A model demonstrates the waterproof function of a Samsung Electronics' new smartphone Galaxy S7 Edge during its launch ceremony in Seoul, March 10, 2016. REUTERS/Kim Hong-Ji

When Samsung launched its flagship Galaxy S7 smartphones, one of the features its advertising focused on was the water-resistance of the devices. But it turns out that the third variant of the model, the Galaxy S7 Active, does not stand up to the company’s claims.

Samsung says all the three variants of its flagship — Galaxy S7, Galaxy S7 Edge and Galaxy S7 Active — are compliant with IP68, an engineering standard that covers protection against both dust and water. Specifically, all three devices are supposed to withstand immersion in 5 feet of water for up to 30 minutes.

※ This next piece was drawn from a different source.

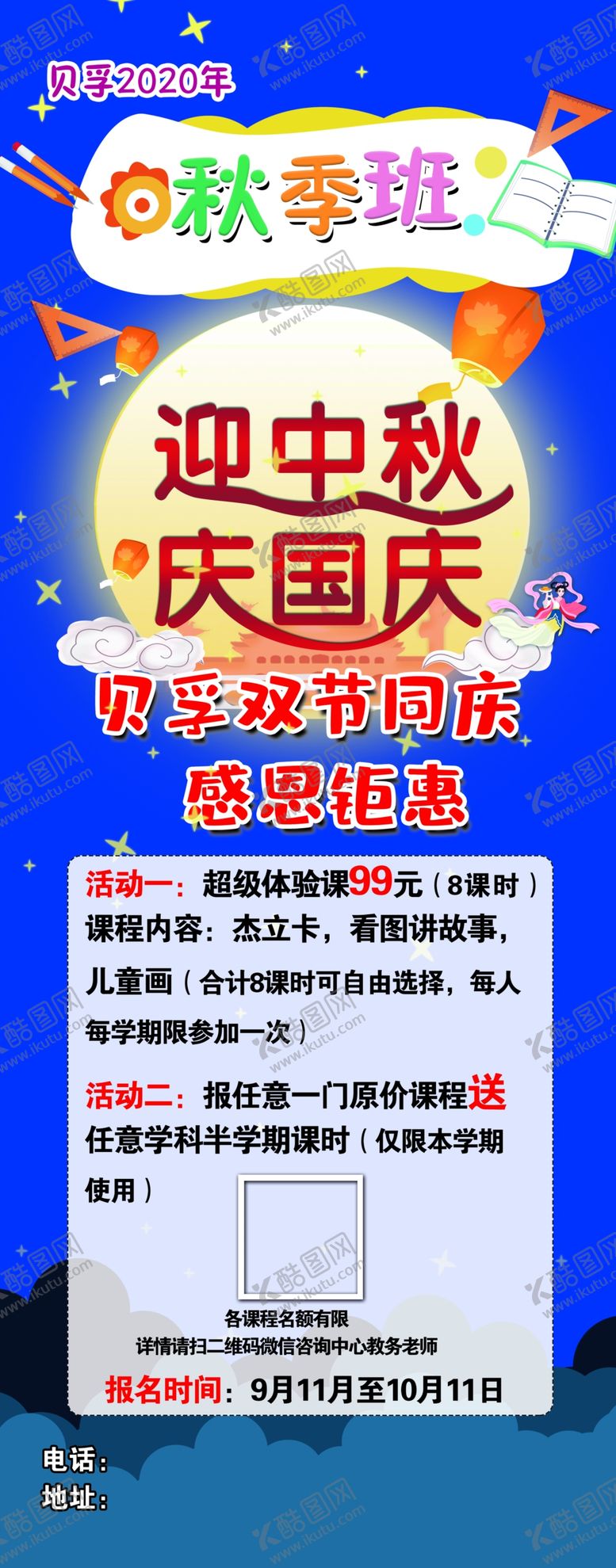 编号：18017906240422016238【酷图网】源文件下载-秋季班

The company illustrated the point, in typical over-the-top advertising fashion, using champagne and Lil Wayne.

However, when nonprofit rating and testing group Consumer Reports tested that claim for the Galaxy S7 Active — the latest variant of the smartphone that launched in the U.S. last month, exclusively with AT&T, with a price tag of $795 for the 32GB version — the otherwise tough phone failed. Twice.

The testers dunked a phone in water with the same pressure as about 5 feet of water, and when taken out 30 minutes later, the device’s screen was not working. A second phone subjected to the same test also came up with a defective screen. Water was also found in both the front and rear camera lenses, as well as in the SIM card slot of one of the phones. The phones did not return to normal functionality even after many days.

In response to the reports, Samsung said the Galaxy S7 Active was “one of the most rugged phones to date” and added that “there may be an off-chance that a defective device is not as watertight as it should be.” Saying it has received “very few complaints” about the issue, the company also said it was investigating the matter.

Both the other versions, the Galaxy S7 and Galaxy S7 Edge, passed the same test.